The 2011 Faisalabad bombing occurred on 8 March 2011. At least 25 people were killed and over 127 wounded when a car bombing occurred in a compressed natural gas station in Faisalabad, Punjab, Pakistan. Tehrik-i-Taliban Pakistan claimed responsibility for the explosion.

Background 
Faisalabad is the third-largest city in Pakistan and an important industrial hub of Punjab province; the attack was the first of its kind in the area, which usually remained safe from terrorist incidents. Many textile companies are based in Faisalabad. Pro-Taliban militant groups had been gaining strength in the area, which had previously witnessed sectarian violence.

Attack 
The car bomb exploded at a compressed natural gas station at about 10:30 am, leaving a 7-foot deep by 15-foot wide crater.

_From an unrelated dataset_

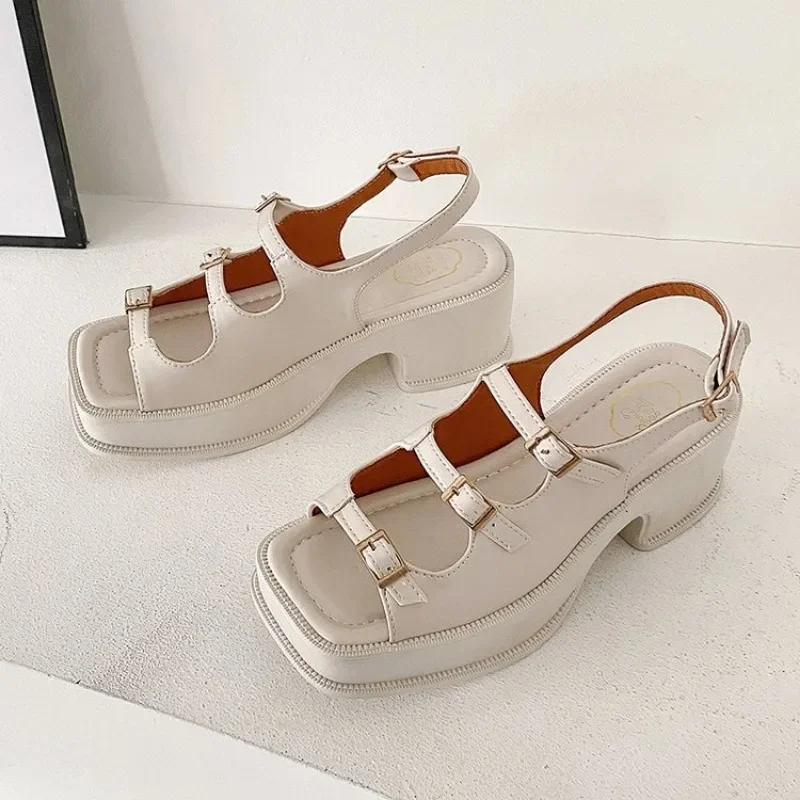 2024 New Platform Sandals Ladies High Heels Summer Women\'s Shoes Wedge Sandals Open Toe Shallow Solid Color Buckle Casual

According to local officials a Toyota Corolla packed with 40 kilograms of explosives was used in the attack.

The vicinity in which the attack took place was a sensitive area, surrounded by Inter-Services Intelligence (ISI) and military offices. A Pakistan International Airlines building and an ISI building were damaged in the bombing. The bomb caused several gas cylinders to explode and damaged several vehicles and buildings.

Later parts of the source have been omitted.